Learn more about how to keep families safe and reduce homeowners’ risk for wildfire damage at www.Firewise.org.

In addition, the U. S. Fire Administration (USFA), in partnership with the U.S. Department of Agriculture's Forest Service and the International Association of Fire Chiefs, announced the release of Your Role in Fire-Adapted Communities. This new guide promotes a holistic approach to wildland fire risk reduction in the wildland urban interface and addresses actions to improve individual and community safety.
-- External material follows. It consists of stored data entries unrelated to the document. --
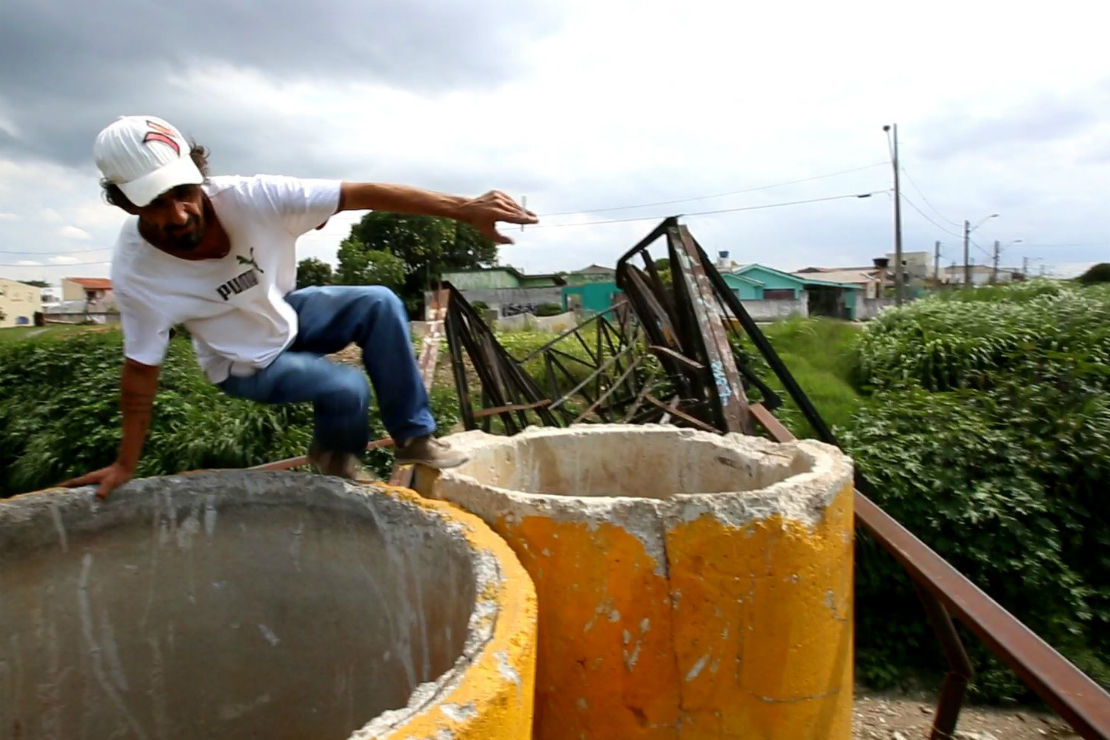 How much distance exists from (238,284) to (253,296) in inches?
1.9

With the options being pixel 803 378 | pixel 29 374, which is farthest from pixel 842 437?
pixel 29 374

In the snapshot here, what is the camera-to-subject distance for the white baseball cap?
180cm

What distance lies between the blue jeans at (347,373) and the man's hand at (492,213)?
364mm

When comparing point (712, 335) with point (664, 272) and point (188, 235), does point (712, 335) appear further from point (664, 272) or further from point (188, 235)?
point (664, 272)

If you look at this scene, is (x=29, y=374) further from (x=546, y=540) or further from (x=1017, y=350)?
(x=1017, y=350)

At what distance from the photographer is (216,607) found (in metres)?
2.34

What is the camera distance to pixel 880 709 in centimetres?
472

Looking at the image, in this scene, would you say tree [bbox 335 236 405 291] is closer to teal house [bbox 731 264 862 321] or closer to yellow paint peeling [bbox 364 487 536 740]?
teal house [bbox 731 264 862 321]

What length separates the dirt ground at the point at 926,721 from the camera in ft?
14.5

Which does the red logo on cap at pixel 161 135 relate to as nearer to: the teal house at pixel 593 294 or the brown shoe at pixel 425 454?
the brown shoe at pixel 425 454

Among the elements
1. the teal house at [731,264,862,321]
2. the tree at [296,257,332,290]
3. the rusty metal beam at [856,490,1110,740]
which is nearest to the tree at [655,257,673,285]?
the rusty metal beam at [856,490,1110,740]

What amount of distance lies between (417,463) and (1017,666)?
64.4 inches

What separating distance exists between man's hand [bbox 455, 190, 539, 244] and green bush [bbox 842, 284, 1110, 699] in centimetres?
417

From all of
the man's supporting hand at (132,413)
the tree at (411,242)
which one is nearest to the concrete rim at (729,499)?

The concept behind fire-adapted communities is that with proper community-wide preparation, populations and infrastructure can withstand the devastating effects of wildland fire, thereby reducing the loss of life and property. In addition to understanding wildland fire defensible space and preparedness, the guide further explains how a community can coexist with the threat of wildland fire and ultimately reduce the need for costly fire suppression responses. As the science of fire-adapted communities continues to evolve, agencies and the public can take steps now to understand better the role they play and actions they can take to coexist safely with wildland fire threats.

Your Role in Fire-Adapted Communities can be downloaded under the Publications section of the USFA web site.